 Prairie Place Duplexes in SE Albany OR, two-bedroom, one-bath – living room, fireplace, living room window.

--

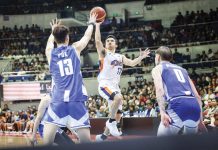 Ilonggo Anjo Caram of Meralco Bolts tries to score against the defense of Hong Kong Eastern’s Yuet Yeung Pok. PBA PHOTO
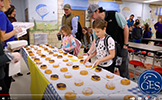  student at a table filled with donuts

ACTION ITEM: Without the pictures, set down the lines above from the line with "Ilonggo Anjo Caram" up to and including the line with "student at a table filled with donuts" exactly as they stand.

OUTPUT OF THE EXERCISE:
 Ilonggo Anjo Caram of Meralco Bolts tries to score against the defense of Hong Kong Eastern’s Yuet Yeung Pok. PBA PHOTO
  student at a table filled with donuts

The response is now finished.